Entries taken from a collection:
-----
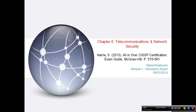Hello, everyone. My name is Rabia Khabuz. Today's presentation focuses on summarizing Chapter 6, Telecommunications and Networking Security, from page 515 to 560 from the Sean Harris CISSP book.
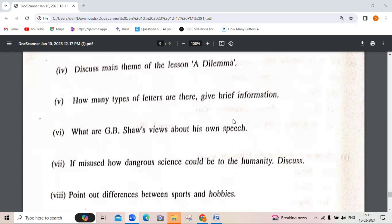If misused, how dangerous could science be to humanity? The whole chapter talks about how dangerous science could be if there is no control. Also: point out the differences between sports and hobbies — we all know what sports and hobbies are.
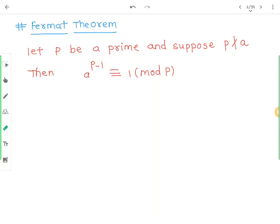Hi guys, we will see the last section which is on Fermat's theorem, which is very important from the point of view of online examinations and theory lectures. Fermat's theorem: let p be any prime, and suppose p does not divide a. Then a raised to p minus 1 is congruent to 1 mod p.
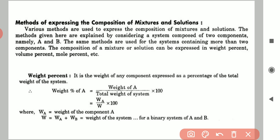We will see that various methods are used to express the composition of mixtures and solutions. The methods given here are explained by considering a system composed of two components, A and B. The same methods are used for systems containing more than two components. The composition of the mixture or solution can be expressed in weight percent, volume percent, and mole percent.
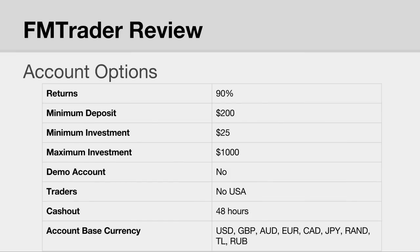Moving on to the account options: they offer up to 90% returns, which is one of the highest in the industry. The minimum deposit is $200, minimum investment of $25, maximum investment of $1,000. No demo accounts, no US traders, and they'll cash out within 48 hours. Base currencies for accounts can be in US dollars, British pounds, Australian dollars, Euros, Canadian dollars, Japanese yen, South African rand, Turkish lira, and Russian ruble.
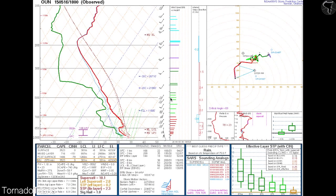Hello everybody and welcome to the next to the last lesson in this course about reading skew-Ts. This lesson is going to center on a couple of additional indices that we have not yet touched on. In previous lessons we've touched on how the charts are laid out, things like LCL, LFC, equilibrium level, instability, and wind shear.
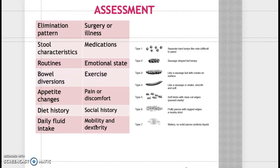Assess the characteristics of the stool: the color, the consistency, and the form. Also ask about medications — ask your patient if they take opiates, because opiates can cause constipation. Iron pills can cause the stool to be slightly dark in color, and that is normal. Ask about any analgesics, provide emotional support, and ask about exercise patterns, since exercise helps stimulate peristalsis.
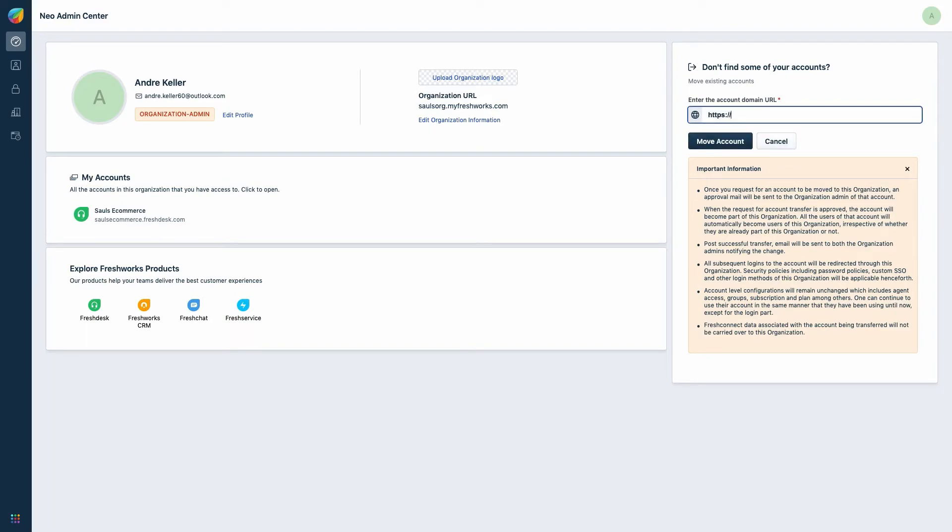Enter the domain URL of the product which you want to add in the provided text box and click on move account.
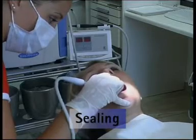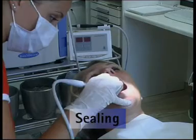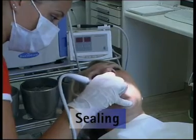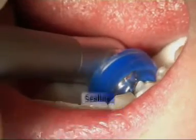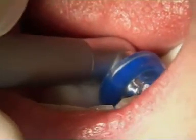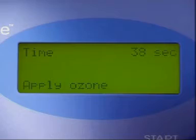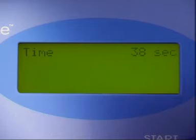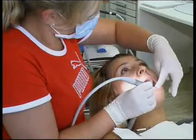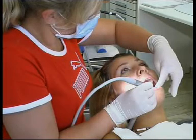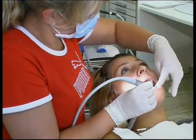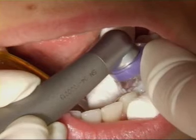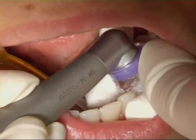What if the airtight seal is lost during the treatment? Treatment is automatically interrupted until the airtight seal is restored. Check that the seal is tight at the tooth — it is often a good idea to press the cup firmly onto the tooth.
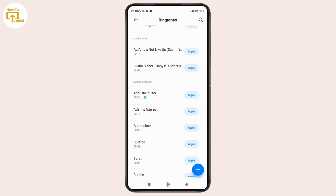And that's how you can easily set an outgoing call ringtone on your Android device. If you found this video helpful, then don't forget to like, share, and subscribe to get updated for more videos. Thanks for watching and I'll see you in the next video.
-----
AIM OF THE EXERCISE: The records above are to be repeated word for word, with the pictures omitted.

ANSWER TO THIS TASK:
Hello, everyone. My name is Rabia Khabuz. Today's presentation focuses on summarizing Chapter 6, Telecommunications and Networking Security, from page 515 to 560 from the Sean Harris CISSP book.
If misused, how dangerous could science be to humanity? The whole chapter talks about how dangerous science could be if there is no control. Also: point out the differences between sports and hobbies — we all know what sports and hobbies are.
Hi guys, we will see the last section which is on Fermat's theorem, which is very important from the point of view of online examinations and theory lectures. Fermat's theorem: let p be any prime, and suppose p does not divide a. Then a raised to p minus 1 is congruent to 1 mod p.
We will see that various methods are used to express the composition of mixtures and solutions. The methods given here are explained by considering a system composed of two components, A and B. The same methods are used for systems containing more than two components. The composition of the mixture or solution can be expressed in weight percent, volume percent, and mole percent.
Moving on to the account options: they offer up to 90% returns, which is one of the highest in the industry. The minimum deposit is $200, minimum investment of $25, maximum investment of $1,000. No demo accounts, no US traders, and they'll cash out within 48 hours. Base currencies for accounts can be in US dollars, British pounds, Australian dollars, Euros, Canadian dollars, Japanese yen, South African rand, Turkish lira, and Russian ruble.
Hello everybody and welcome to the next to the last lesson in this course about reading skew-Ts. This lesson is going to center on a couple of additional indices that we have not yet touched on. In previous lessons we've touched on how the charts are laid out, things like LCL, LFC, equilibrium level, instability, and wind shear.
Assess the characteristics of the stool: the color, the consistency, and the form. Also ask about medications — ask your patient if they take opiates, because opiates can cause constipation. Iron pills can cause the stool to be slightly dark in color, and that is normal. Ask about any analgesics, provide emotional support, and ask about exercise patterns, since exercise helps stimulate peristalsis.
Enter the domain URL of the product which you want to add in the provided text box and click on move account.
What if the airtight seal is lost during the treatment? Treatment is automatically interrupted until the airtight seal is restored. Check that the seal is tight at the tooth — it is often a good idea to press the cup firmly onto the tooth.
And that's how you can easily set an outgoing call ringtone on your Android device. If you found this video helpful, then don't forget to like, share, and subscribe to get updated for more videos. Thanks for watching and I'll see you in the next video.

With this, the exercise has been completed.